Valutazione dell'ambiente in cui ci troviamo. Siamo all'aperto o in un locale chiuso. E' giorno o sera? C'è molta gente o poca? Com'è l'umore delle persone presenti? Notiamo persone apparentemente alticce? Notiamo una certa euforia da parte delle persone presenti? Vi sono gruppi particolarmente rumorosi o molesti? C'è molta disparità numerica tra donne e uomini? Qual'è l'età media? Le persone hanno un'età simile tra loro?

3) Visione periferica

La visione periferica è quella che vi permette di ampliare il campo visivo ai lati, quindi di non farvi mai cogliere impreparati e soprattutto vi permette di accorgervi quando e se una persona sta per entrare nella vostra safety zone, area in cui diventate vulnerabili ad un attacco improvviso e inaspettato.

4) Pre indicators incident

I segnali che indicano una possibile aggressione possono essere riconosciuti mediante un addestramento mirato. Quali sono i segnali che vi dovrebbero allertare? L'atteggiamento, la postura, l'espressione del viso, gesti manipolatori vanno analizzati nel contesto in cui ci si trova. Ad esempio se in banca notaste una persona particolarmente agitata, guardarsi ripetutamente intorno, con un espressione del volto impaurita o smarrita, dovreste allertarvi e farvi decidere di avvicinare una guardia giurata o uno del personale presente e avvisarlo di ciò che avete notato. Nel caso la vostra intuizione si rivelasse errata, sempre meglio sbagliarsi per eccesso che per difetto.

5) Auto consapevolezza

La consapevolezza dei propri punti deboli e dei propri punti forti, ci permette strategicamente di non metterci in situazioni che potrebbero metterci in difficoltà.

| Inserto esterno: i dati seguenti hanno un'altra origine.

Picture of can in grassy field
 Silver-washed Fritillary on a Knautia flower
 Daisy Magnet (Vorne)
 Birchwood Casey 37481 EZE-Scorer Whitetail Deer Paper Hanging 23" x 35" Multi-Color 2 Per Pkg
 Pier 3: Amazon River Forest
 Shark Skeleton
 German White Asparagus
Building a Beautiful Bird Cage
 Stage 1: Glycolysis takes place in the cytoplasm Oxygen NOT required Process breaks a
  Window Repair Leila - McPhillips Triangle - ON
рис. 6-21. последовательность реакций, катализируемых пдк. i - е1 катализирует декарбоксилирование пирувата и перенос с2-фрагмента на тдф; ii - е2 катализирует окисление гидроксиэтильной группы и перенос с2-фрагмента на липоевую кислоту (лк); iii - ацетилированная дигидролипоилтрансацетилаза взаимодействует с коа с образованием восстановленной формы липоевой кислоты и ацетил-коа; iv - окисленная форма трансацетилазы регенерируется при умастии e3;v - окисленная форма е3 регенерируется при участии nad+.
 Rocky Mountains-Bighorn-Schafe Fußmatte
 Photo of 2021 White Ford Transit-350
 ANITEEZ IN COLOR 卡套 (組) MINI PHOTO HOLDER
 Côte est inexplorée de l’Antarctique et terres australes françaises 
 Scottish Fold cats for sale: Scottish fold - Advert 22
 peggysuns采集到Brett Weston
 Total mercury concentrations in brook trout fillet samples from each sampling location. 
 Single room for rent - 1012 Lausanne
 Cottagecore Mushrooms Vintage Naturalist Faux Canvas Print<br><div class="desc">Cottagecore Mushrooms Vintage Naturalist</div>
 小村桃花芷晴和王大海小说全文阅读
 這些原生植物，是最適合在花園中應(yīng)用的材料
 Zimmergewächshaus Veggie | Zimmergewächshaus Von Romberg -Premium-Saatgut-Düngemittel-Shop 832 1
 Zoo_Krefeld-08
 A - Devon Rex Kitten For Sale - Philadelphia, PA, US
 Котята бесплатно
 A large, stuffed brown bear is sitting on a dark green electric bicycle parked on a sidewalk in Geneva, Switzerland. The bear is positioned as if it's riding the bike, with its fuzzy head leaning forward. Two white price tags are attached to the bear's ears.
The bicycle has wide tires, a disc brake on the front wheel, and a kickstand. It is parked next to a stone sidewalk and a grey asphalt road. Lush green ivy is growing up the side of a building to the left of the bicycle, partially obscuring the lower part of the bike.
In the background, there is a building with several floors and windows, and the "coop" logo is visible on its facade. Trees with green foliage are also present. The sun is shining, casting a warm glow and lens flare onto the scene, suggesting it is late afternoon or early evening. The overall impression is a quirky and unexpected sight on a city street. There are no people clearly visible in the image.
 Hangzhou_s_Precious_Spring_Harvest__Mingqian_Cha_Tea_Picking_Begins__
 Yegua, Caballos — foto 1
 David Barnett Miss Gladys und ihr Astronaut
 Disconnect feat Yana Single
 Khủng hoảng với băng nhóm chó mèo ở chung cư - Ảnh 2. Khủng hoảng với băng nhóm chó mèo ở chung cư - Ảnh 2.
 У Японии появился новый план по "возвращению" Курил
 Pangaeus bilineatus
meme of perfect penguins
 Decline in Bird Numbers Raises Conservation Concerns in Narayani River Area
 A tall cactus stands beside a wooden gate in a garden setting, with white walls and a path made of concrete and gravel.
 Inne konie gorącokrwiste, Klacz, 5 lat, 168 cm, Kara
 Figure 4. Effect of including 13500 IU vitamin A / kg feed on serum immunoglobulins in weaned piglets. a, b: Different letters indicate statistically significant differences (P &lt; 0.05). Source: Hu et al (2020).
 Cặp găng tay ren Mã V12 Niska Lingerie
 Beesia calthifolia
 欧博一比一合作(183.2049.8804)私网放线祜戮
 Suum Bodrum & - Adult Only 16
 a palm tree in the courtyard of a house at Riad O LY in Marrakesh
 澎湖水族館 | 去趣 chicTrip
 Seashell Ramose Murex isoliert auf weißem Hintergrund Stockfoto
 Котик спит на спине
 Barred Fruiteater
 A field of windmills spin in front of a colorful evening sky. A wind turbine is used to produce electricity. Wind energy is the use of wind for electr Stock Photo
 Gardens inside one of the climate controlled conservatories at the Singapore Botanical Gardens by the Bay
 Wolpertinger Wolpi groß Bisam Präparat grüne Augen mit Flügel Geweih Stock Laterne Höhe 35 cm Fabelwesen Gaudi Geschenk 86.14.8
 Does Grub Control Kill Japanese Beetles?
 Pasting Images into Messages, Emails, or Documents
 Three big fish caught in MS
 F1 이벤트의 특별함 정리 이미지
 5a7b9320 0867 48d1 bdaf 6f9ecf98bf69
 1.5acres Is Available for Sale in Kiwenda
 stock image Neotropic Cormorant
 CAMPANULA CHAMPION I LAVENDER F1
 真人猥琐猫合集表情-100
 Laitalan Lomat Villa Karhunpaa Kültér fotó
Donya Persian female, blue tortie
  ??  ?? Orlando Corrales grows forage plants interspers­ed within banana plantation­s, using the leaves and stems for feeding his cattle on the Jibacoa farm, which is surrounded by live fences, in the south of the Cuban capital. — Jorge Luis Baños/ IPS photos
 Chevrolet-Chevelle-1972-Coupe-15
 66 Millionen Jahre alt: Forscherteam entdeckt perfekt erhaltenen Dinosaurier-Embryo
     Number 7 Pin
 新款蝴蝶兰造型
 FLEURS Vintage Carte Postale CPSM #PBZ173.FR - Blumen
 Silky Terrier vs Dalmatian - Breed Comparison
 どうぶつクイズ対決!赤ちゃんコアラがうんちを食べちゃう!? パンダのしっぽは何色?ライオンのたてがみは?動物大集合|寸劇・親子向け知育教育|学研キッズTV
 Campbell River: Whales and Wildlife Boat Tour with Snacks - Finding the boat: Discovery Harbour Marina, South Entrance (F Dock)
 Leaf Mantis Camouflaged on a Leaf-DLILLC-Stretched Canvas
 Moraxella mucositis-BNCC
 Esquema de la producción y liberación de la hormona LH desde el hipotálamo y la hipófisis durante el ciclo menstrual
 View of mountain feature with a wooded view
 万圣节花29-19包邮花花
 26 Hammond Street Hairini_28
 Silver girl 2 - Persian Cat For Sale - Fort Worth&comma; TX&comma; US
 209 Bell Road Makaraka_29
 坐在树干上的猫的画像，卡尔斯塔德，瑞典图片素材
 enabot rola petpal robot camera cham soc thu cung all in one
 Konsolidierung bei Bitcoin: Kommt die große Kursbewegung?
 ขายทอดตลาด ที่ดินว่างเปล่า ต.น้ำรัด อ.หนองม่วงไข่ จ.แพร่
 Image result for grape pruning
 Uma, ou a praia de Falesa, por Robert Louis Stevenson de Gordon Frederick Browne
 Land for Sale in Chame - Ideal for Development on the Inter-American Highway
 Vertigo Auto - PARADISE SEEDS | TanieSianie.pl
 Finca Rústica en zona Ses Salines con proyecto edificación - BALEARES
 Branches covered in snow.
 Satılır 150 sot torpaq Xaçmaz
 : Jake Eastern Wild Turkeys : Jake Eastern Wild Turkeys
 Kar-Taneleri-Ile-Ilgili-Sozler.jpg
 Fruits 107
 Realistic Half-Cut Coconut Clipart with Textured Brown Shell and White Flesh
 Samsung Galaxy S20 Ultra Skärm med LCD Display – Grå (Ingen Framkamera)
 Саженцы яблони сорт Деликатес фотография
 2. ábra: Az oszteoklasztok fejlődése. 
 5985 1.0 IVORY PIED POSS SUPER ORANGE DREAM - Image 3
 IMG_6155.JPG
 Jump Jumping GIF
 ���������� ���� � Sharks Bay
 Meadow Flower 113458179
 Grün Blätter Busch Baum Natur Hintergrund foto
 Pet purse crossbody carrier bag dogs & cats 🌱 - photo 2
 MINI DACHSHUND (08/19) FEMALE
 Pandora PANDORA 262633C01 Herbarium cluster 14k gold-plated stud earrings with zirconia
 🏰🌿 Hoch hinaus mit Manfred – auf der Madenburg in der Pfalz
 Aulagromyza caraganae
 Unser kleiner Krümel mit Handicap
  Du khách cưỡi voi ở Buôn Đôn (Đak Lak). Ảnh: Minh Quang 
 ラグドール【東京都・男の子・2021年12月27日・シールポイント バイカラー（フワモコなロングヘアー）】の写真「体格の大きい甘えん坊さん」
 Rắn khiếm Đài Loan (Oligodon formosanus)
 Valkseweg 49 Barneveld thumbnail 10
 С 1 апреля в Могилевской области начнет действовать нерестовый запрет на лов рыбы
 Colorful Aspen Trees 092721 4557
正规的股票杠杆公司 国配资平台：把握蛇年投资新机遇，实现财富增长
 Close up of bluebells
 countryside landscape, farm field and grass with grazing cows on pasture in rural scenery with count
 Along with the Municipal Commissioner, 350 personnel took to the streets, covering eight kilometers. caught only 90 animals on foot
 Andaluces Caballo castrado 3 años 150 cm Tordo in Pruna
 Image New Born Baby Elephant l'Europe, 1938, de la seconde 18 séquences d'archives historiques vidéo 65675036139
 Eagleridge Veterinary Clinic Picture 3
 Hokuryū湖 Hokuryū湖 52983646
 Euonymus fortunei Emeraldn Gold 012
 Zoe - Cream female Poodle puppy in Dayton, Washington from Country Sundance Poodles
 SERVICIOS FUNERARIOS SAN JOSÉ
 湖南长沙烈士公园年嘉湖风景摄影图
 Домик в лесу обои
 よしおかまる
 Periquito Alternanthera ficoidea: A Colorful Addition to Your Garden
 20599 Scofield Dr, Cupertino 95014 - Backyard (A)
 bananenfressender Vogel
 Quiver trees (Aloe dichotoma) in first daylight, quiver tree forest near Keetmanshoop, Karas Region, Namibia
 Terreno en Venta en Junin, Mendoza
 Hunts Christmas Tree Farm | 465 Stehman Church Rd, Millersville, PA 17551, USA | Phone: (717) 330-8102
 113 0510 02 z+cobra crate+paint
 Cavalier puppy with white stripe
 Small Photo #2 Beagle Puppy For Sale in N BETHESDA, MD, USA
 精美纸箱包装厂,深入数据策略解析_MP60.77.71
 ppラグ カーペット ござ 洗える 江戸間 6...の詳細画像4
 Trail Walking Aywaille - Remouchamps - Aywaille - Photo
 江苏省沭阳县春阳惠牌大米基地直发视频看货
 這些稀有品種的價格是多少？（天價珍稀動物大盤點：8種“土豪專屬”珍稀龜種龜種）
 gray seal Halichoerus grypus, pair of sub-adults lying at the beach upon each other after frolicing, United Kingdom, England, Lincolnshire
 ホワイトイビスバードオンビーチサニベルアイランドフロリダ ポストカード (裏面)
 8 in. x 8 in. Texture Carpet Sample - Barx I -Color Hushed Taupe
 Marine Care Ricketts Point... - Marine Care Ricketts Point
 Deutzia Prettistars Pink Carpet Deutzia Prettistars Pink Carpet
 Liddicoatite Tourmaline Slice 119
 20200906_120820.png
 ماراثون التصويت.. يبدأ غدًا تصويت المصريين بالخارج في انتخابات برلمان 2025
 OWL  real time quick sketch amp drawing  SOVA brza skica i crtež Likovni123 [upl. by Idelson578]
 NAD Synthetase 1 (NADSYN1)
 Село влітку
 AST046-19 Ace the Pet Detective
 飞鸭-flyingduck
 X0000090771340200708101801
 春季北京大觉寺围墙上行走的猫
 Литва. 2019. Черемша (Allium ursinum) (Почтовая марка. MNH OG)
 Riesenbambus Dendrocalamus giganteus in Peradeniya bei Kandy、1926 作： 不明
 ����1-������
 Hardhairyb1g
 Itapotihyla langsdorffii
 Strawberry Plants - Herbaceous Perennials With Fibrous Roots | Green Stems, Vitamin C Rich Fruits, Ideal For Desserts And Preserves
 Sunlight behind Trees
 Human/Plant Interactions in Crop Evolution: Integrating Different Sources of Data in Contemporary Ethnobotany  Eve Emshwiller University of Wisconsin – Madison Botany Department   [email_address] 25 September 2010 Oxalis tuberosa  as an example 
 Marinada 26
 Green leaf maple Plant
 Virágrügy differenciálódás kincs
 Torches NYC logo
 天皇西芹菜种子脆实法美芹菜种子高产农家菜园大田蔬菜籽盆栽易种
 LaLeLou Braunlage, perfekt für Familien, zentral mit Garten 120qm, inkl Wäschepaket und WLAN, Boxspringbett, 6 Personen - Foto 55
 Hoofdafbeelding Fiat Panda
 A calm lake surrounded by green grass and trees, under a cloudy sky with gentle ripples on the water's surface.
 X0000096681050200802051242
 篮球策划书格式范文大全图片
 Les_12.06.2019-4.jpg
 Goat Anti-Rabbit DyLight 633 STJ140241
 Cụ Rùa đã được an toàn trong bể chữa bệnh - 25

Per esempio se un individuo sa di essere particolarmente geloso, eviterà di portare la propria fidanzata in un locale frequentato prevalentemente da compagnie di ragazzi giovani perchè la probabilità che la vostra ragazza possa subire apprezzamenti non desiderati o ammiccamenti sarebbe molto alta e se sapete di essere particolarmente sensibili a queste provocazioni, il consiglio è di recarvi altrove con lei.

6) Presenza

Con presenza intendo la capacità di riconoscere l'insorgere di un emozione e sapere come governarla, senza che quest'ultima prenda il sopravvento sulle nostre facoltà decisionali. La maggioranza delle persone purtroppo ha una scarsa conoscenza delle emozioni. Questo le espone spesso a rischi elevati per la propria incolumità. L'emozione è un processo, una forma particolare di valutazione automatica di una situazione, che è influenzata dal nostro passato sia evolutivo che personale, nella quale percepiamo che sta accadendo qualcosa di importante per il nostro benessere e che attiva una serie di cambiamenti fisiologici e di comportamenti emozionali per gestire inizialmente la situazione. Molti non sanno però che quando si innescano alcuni pulsanti emozionali assistiamo ad un periodo di tempo, chiamato periodo di refrattarietà durante il quale filtriamo le informazioni e le conoscenze immagazzinate nella nostra memoria, nel quale abbiamo accesso solo a quelle informazioni che alimentano l'emozione che già proviamo. Quando avvertiamo le sensazioni tipiche dell'emozione che stiamo provando la valutazione iniziale è completata, a questo punto è possibile valutare nuovamente la situazione. Tra l'impulso emozionale e l'azione abbiamo un intervallo di tempo nel quale possiamo rivalutare, risoppesare e orientare diversamente il nostro comportamento. Per mettere in atto il comportamento più efficace e giusto per la situazione in cui ci si trova è necessario un addestramento specifico che nel metodo BSD viene effettuato nel corso base.

7) Invulnerabile 

Invulnerabile in questo contesto significa inattaccabile, nel senso che l'ipotetico aggressore vi dovrà percepire come "ossa molto dure", non alla stregua dei predatori ma come individui che hanno una tenuta alta ovvero la capacità di opporsi ed eventualmente di resistere all'aggressione. La postura, l'andatura, il portamento, la presenza fisica, la gestione degli spazi, la vigilanza, lo sguardo, sono tutti segnali che inviate a chi vi sta osservando. Se riuscirete ad apparire invulnerabili, non diventerete mai prede appetibili!